Mr. Haarde also points out that the current build-up of production capacity in the energy sector and power-intensive industries is more or less completed—at least for the time being. This, as well as the cooling-off in the construction sector, will contribute significantly to the slow-down in economic activity expected in 2008 and 2009. “We will see economic growth this year and next that is significantly below the long-term average. This will ease conditions in the labor market, inflationary pressures should abate and the current account deficit will shrink significantly,” the prime minister says.

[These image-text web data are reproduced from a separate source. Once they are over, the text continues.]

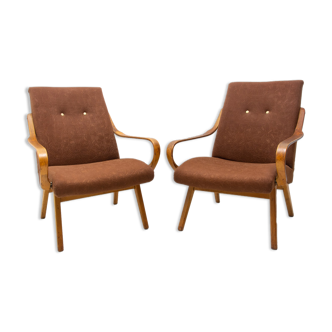 Pair of midcentury armchairs by jaroslav šmídek for jitona, 1960´s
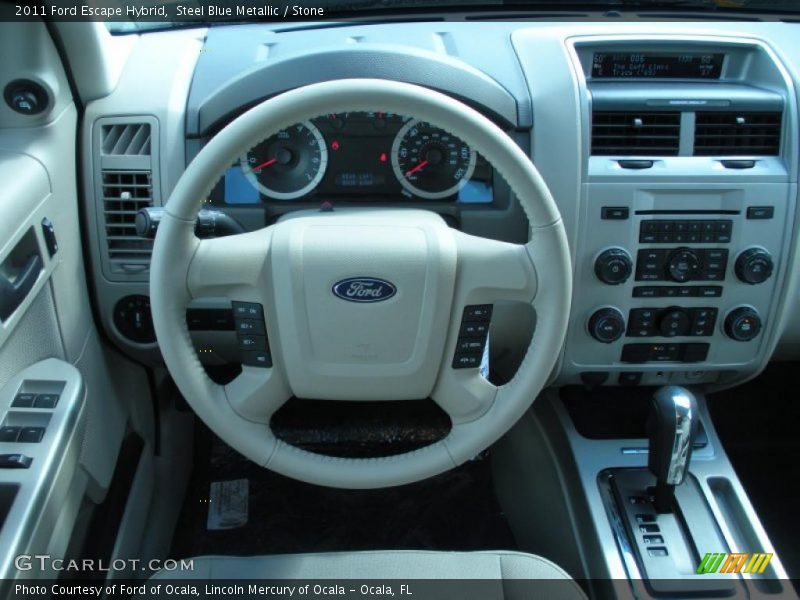 Dashboard of 2011 Escape Hybrid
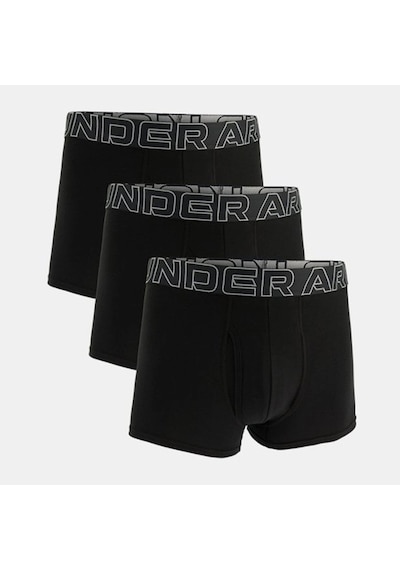 Under Armour Performance Cotton - Solıd 3 In 3pk Erkek Boxer 1383891-001 Siyah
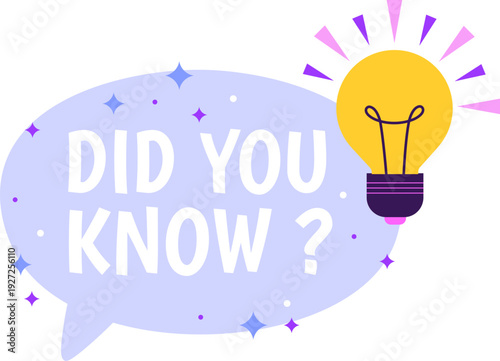 Interesting trivia tag. Did you know fact web element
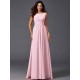 Chic Ruffles Sleeveless Long Chiffon Bridesmaid Dresses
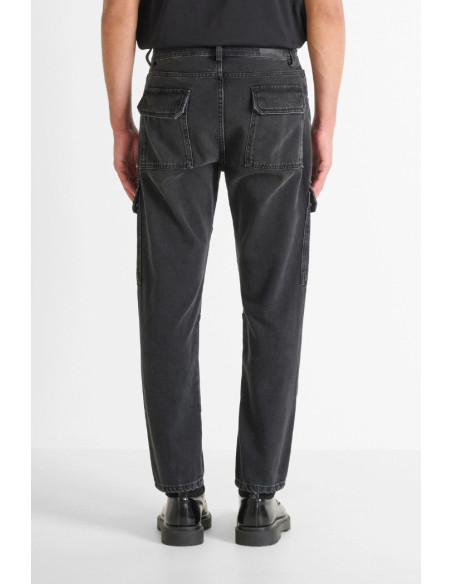 Antony Morato jeans regular fit cargo in denim nero Gary mmdt00297-fa700143-w02099 [6dce3936]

Strong public finances, further tax cuts
Rapid economic growth in recent years, and proceeds from privatization have boosted public finances. Budget surpluses have been used to reduce the public debt, build up assets in the public sector pension funds and reduce taxes. It is expected that at the end of this year, the net public sector debt will have fallen to 6.3% of GDP as compared with close to 40% in the mid-1990s. The combined state and local income tax rate stands at 35.7% and the corporate income tax rate at 18%. In February 2008, the government announced that corporate income tax would be cut further, to 15% as of this year. “This strong fiscal position is not least the result of a built-in counter-cyclical tax and expenditure structure,” says Mr. Haarde, adding that strong government finances and a fully funded pension system are two vital pillars of the strengths of the Icelandic economy.
The Icelandic financial sector
One of the most noticeable factors in Iceland’s recent economic develop-ment has been the growth of the financial sector, which now accounts for about 10% of GDP compared to 6% in the year 2000; and the industry’s assets have grown to about eight times Iceland’s GDP.
“Privatization of state-owned banks and mergers among Iceland’s largest banks released new energy in the sector. The banks have found growth opportunities abroad and transformed themselves from purely local banks to truly inter-national banks,” says Mr. Haarde.
The Icelandic banks have felt the effects of the current turmoil in international financial markets, which has made access to funding more difficult and costly for most international banks. However, the Icelandic banks remain strong according to the Icelandic Financial Super-visory Authority (FME), which points to their relatively high capital adequacy ratios, good liquidity position, increased proportion of deposits in their funding profile and their ability to withstand severe stress tests that the FME performs regularly.
“The Icelandic banks are healthy and I am confident that they will weather the storm in international financial markets,” says Mr. Haarde. “There are those who argue that the banks have become too big for the country and that the current turmoil could bring down the banks and cause severe economic conditions in Iceland, but this is totally unfounded in my view.”
The international ratings agency Moody’s decided to assign a negative outlook to Iceland’s sovereign Aaa ratings in early March 2008 citing its recent one-notch downgrades of the country’s main commercial banks’ financial strength ratings. Nevertheless, Moody’s emphasizes that the banks are sound, with strong franchises, healthy capital adequacy and good liquidity and that the risk of disruptive systemic stress in the banking sector is very low.
Furthermore, Moody’s applauds the country for its advanced economic structure, low government debt, high per capita incomes and nearly fully-funded pension system, stating that it is a highly creditworthy, developed country whose public finances and wealth compare very favorably even against many of its Aaa peers. “I couldn’t agree more,” says Mr. Haarde.